The Sun, whose mass is about 109 times more than our Earth, and as we know, the Sun is a ball of fire, whose life on earth is possible only with light. How much we know about the Sun, we know just as much as our scientists have discovered about the Sun. Do you know, the atmosphere of the Sun is warmer than its surface, and it remains a mystery to scientists even today, how it is possible that its atmosphere is warmer than the surface of the Sun, to reveal the secret Therefore, scientists are studying the Sun very closely.
Researchers want to know the answer to those questions to understand why the Sun’s atmosphere is so much warmer than the surface, and to help differentiate between a host of theories about the causes of this heating, researchers at NASA Interface areas are heading towards imaging spectrograph (IRIS) missions. IRIS is designed to be closely zoomed at specific hard-to-see events on the Sun.
The nanoflare is a very small incidental heating phenomenon that occurs in the sun’s outer atmosphere. A nanoflare arises from a phenomenon of magnetic reconstruction, which nanoflares know as small explosions on the Sun, but they are difficult to spot. Nanoflares They are very small, and very fast, meaning that they are difficult to eject against the sun’s shiny surface. On April 3, 2014, known as the coronal rain event, as the currents of the cooled plasma fall from the corona to the surface of the sun, it appears almost like a giant waterfall, and the researchers show up at the end of the event Having seen the bright jet. These are telltale flash nanosets, which travel so rapidly with hot plasma, that they appear on images, such as the bright thin lines seen within magnetic loops on the Sun, to make nano-jets “smoke.” Gun “, considered to be the prime proof of the presence of nanoflars. As we know, each nanojet is initiated by a process known as magnetic recombination, where twisted magnetic fields are reproduced explosively. Researchers believe that, creating an avalanche of nanosets in the Sun’s corona, one process can establish another recombination, which can generate an energy, causing the Sun’s corona to warm.

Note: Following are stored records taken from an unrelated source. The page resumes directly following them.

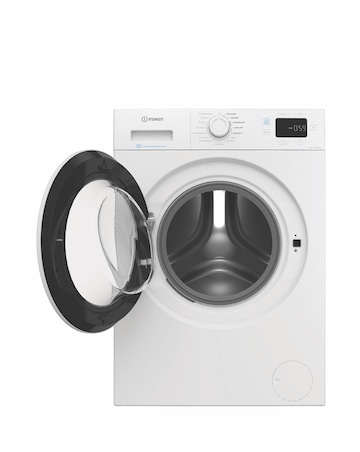 Indesit IP 846 Push & Go Washing Machine - White + Install
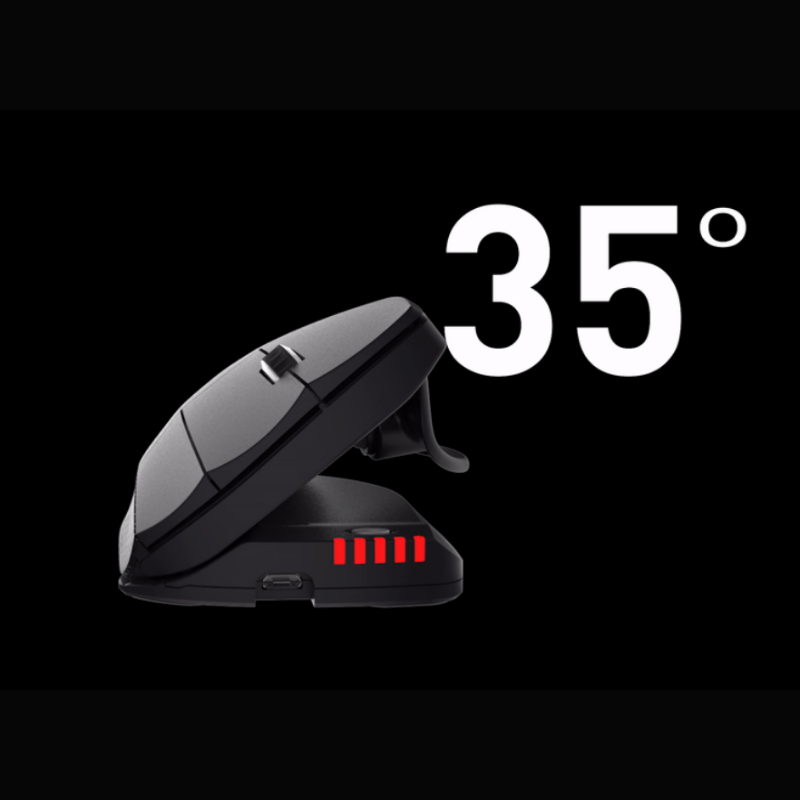 Souris ergonomique Unimouse 35° contour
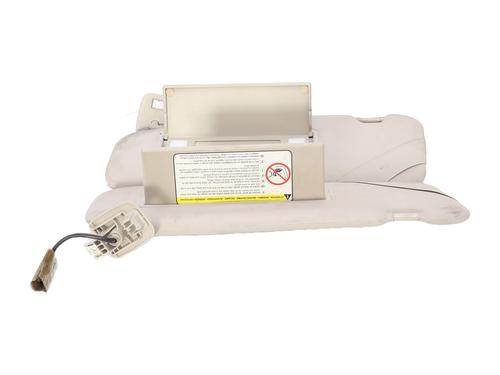 Left sun visor PEUGEOT 407 (6D_) 2.0 HDi 135 (6DRHRH, 6DRHRE, 6DRHRG, 6DRHRJ) | BP30183317I1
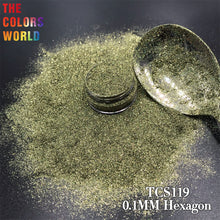 Load image into Gallery viewer, TCT-683 High Holographic Color Solvent Resistant Glitter Powder Nails Art Decoration Nail Gel Polish Eye Shadow Makeup Wholesale
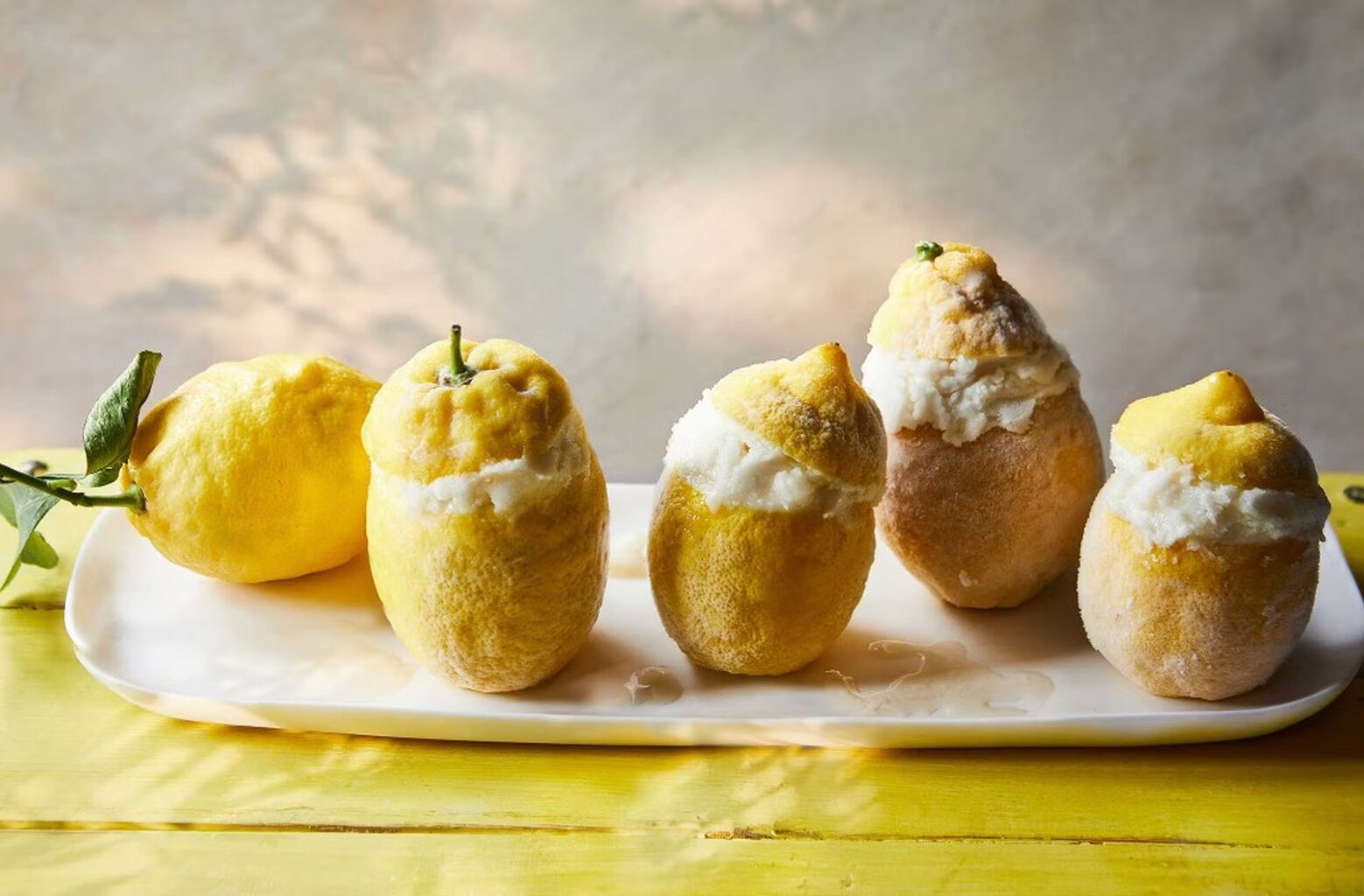🍋Frozen Sorbet Lemons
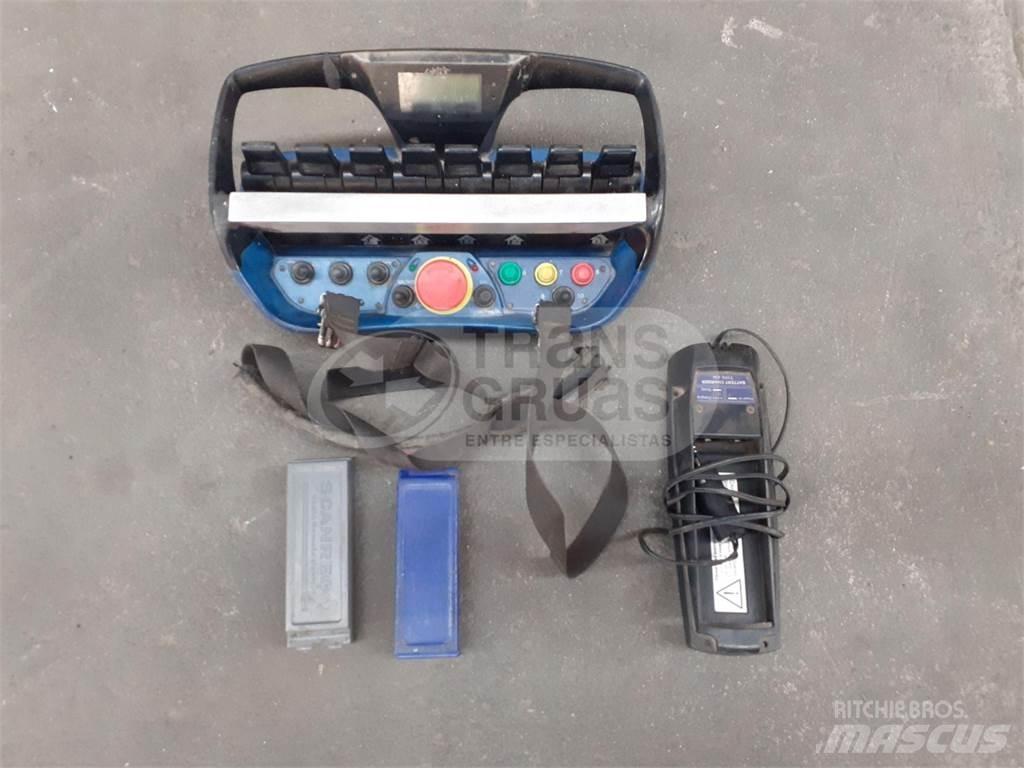 HMF ODIN K8 Loader cranes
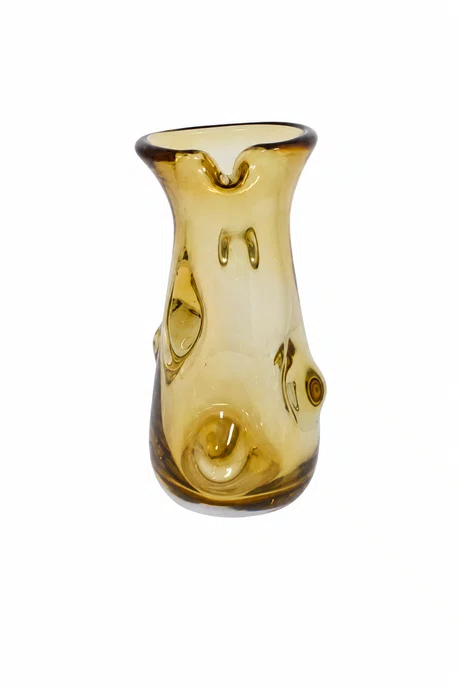 Vaso em Vidro Ambar 35x25x16cm - Grillo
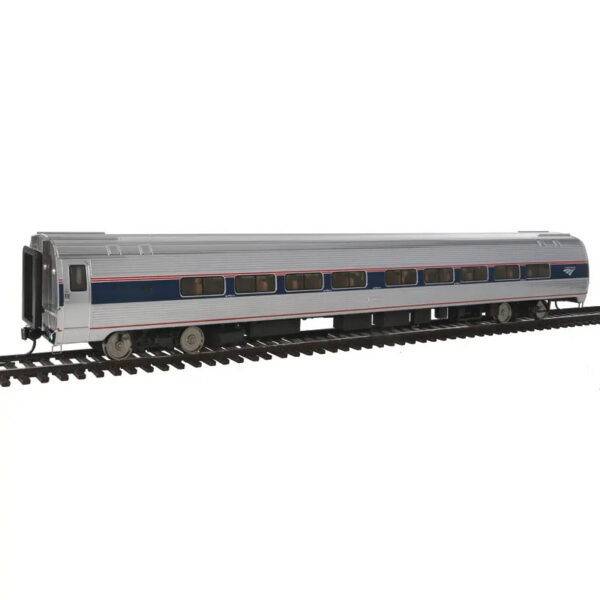 Walthers Proto HO 85' Budd Amfleet II 59-Seat Coach Amtrak "Phase VI" w/ Lights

In the sun’s outer atmosphere, IRIS gathers its high-resolution images by focusing on a small part, and for this reason we consider a combination of observing a specific event to make educated guesses, and see the right place at the right time. Researchers first coordinated with NASA’s Solar Dynamics Observatory (SDO) and Hinode Observatory, and Japan Aerospace Exploration Agency, ESA (European Space Agency) and NASA, once the nanostates were identified against the backdrop of coronal rain. There was a partnership between Under which looking closely at the Sun, and confirming whether they could detect nanosets, if yes, they could assess their effects on the corona.
Researchers looked at the Sun, observing many events, advanced simulations were combined with many observations. The model suggests, that the nanonates were magnetic recombination and a guppy signature of the nanofluors, which contribute to coronal heating in the simulation. Researchers say that more studies need to be done to establish the frequency of nanosets and nanoflares in the Sun, and how much energy contributes to heating the solar corona.